As a standard disclaimer, the scripts in this article are very hacky and specific to my setup. I will likely never take the time to make them into something general-purpose. It’s my cozy corner and it can be a little messy.

Structure and Deployment

The blog is a relatively standard Hugo site using the Paperesque theme with various customizations. The blog lives in a private GitHub repository (with the theme fully vendored within), and deploys to Netlify on every push.

Here is my hugo.toml

baseURL = 'https://www.jeremykun.com/'
languageCode = 'en-us'
title = 'Math ∩ Programming'
theme = 'paperesque'

# This parameter is branched on in templates to determine if MathJAX should be
# served when the page is loaded.
[params]
  math = true

[[params.topmenu]]
  name = "Main Content"
  url = "main-content/"
[[params.topmenu]]
  name = "Primers"
  url = "primers/"
[[params.topmenu]]
  name = "All articles"
  url = "posts/"
[[params.topmenu]]
  name = "About"
  url = "about/"
[[params.topmenu]]
  name = "rss"
  url = "rss/"

[markup.goldmark.extensions.passthrough]
  enable = true
[markup.goldmark.extensions.passthrough.delimiters]
  inline = [['$', '$'], ['\(', '\)']]
  block = [['$$', '$$'], ['\[', '\]']]

Note the extension to allow Hugo to work well with standard TeX delimiters, I actually added that to Hugo in v0.122.0. See the docs here, and note there is still one bug I haven’t figured out how to fix.

And my netlify.toml:

[build]
  # npx -y pagefind ... runs pagefind to create a static search index
  command = "hugo --gc --minify && npx -y pagefind --site public"
  publish = "public"
  # exclude flat files in scripts/ that contain database mappings for published
  # social media posts
  ignore = "git diff --quiet $CACHED_COMMIT_REF $COMMIT_REF -- . ':(exclude)scripts/*.txt'"

[build.environment]
  HUGO_VERSION = "v0.122.0"
  TZ = "America/Los_Angeles"

[[redirects]]
  from = "/feed/"
  to = "/index.xml"
  status = 301

[context.deploy-preview]
  command = "hugo --gc --minify --buildFuture -b $DEPLOY_PRIME_URL && npx -y pagefind --site public"

Static search index

The build command above has an extra step to initialize a static search index using Pagefind. When this runs, it creates files such that this just works.

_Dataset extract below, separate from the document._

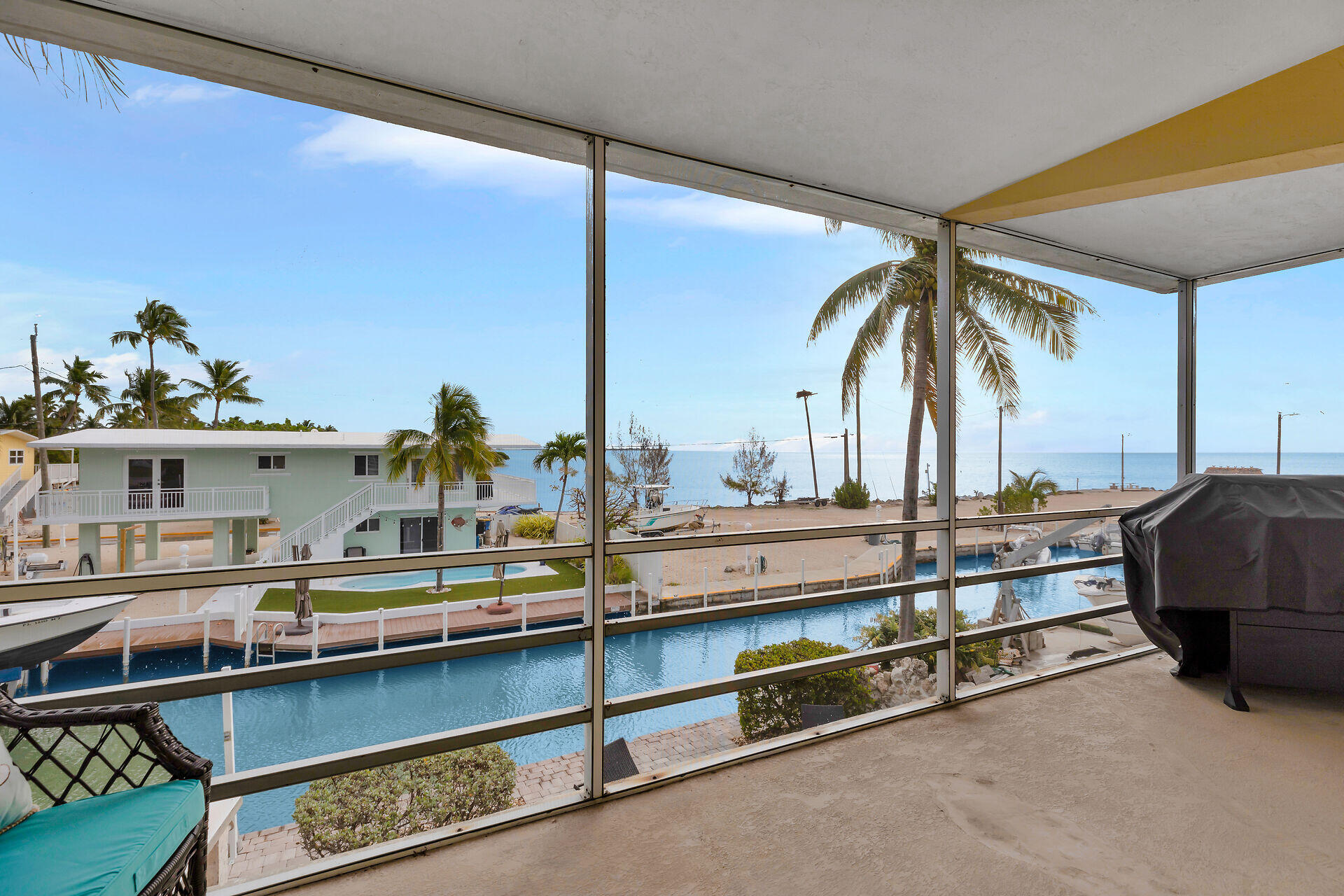 137 Ocean Lane Property Photo 26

<div style="margin: 20px 0px 20px 0px;">
<link href="/pagefind/pagefind-ui.css" rel="stylesheet">
<script src="/pagefind/pagefind-ui.js"></script>
<div id="search"></div>
<script>
    window.addEventListener('DOMContentLoaded', (event) => {
        new PagefindUI({ element: "#search", showSubResults: true });
    });
</script>
</div>

I slapped it in themes/paperesque/layouts/partials/homepage_display_section.html and it creates the search bar and dynamic experience you see on the blog homepage. I have not noticed it producing significant additional bandwidth usage, especially not compared to serving images.

Running scripts via GitHub Actions

Because the site is static, all of the automation on the blog is done through GitHub Actions, modifying static files in the repository and triggering a new deployment if any files change.

To accomplish this, I utilize the workflow_dispatch trigger in GitHub Actions, which allows one to remotely trigger a workflow via an HTTP POST request, optionally with arguments passed in the URL.

For example, my social media syndication script starts like this:

#.github/workflows/syndicate.yml
name: Syndicate to social media
permissions:
  contents: write
on:
  workflow_dispatch:
  schedule:
    # https://crontab.guru/once-a-day
    - cron: '0 0 * * *'

To trigger this action remotely, I can POST to https://api.github.com/repos/j2kun/math-intersect-programming/actions/workflows/syndicate.yml/dispatches with the following headers

{
  "Accept": "application/vnd.github+json",
  "Authorization": "Bearer <API_KEY>",
  "X-GitHub-Api-Version": "2022-11-28",
  "Content-Type": "application/x-www-form-urlencoded"
}

where <API_KEY> is a GitHub personal access token with permissions to trigger workflows. (I have it set to “Read access to actions variables, metadata, and secrets” and “Read and Write access to actions”) I will show how this is set up for the various instances in which it’s invoked in the later sections. As a bonus, workflow_dispatch gives a nice button in the GitHub Actions UI to trigger the workflow, which is helpful for debugging.

Once I can trigger a workflow remotely, the rest of the workflow involves checking out the repo, installing dependencies of the script, running a script that does whatever the action is supposed to do, and commit and push any changes to main.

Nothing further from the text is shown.